The Persian name of the organization that hounded her for years is "Setad Ejraiye Farmane Hazrate Emam" – Headquarters for Executing the Order of the Imam. The name refers to an edict signed by the Islamic Republic's first leader, Ayatollah Ruhollah Khomeini, shortly before his death in 1989. His order spawned a new entity to manage and sell properties abandoned in the chaotic years after the 1979 Islamic Revolution.
Setad has become one of the most powerful organizations in Iran, though many Iranians, and the wider world, know very little about it. In the past six years, it has morphed into a business juggernaut that now holds stakes in nearly every sector of Iranian industry, including finance, oil, telecommunications, the production of birth-control pills and even ostrich farming.

The organization's total worth is difficult to pinpoint because of the secrecy of its accounts. But Setad's holdings of real estate, corporate stakes and other assets total about $95 billion, Reuters has calculated. That estimate is based on an analysis of statements by Setad officials, data from the Tehran Stock Exchange and company websites, and information from the U.S. Treasury Department.

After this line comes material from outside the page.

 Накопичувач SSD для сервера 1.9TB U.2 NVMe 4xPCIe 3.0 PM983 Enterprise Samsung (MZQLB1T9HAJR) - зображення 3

Just one person controls that economic empire – Khamenei. As Iran's top cleric, he has the final say on all governmental matters. His purview includes his nation's controversial nuclear program, which was the subject of intense negotiations between Iranian and international diplomats in Geneva that ended Sunday without an agreement. It is Khamenei who will set Iran's course in the nuclear talks and other recent efforts by the new president, Hassan Rouhani, to improve relations with Washington.

The supreme leader's acolytes praise his spartan lifestyle, and point to his modest wardrobe and a threadbare carpet in his Tehran home. Reuters found no evidence that Khamenei is tapping Setad to enrich himself.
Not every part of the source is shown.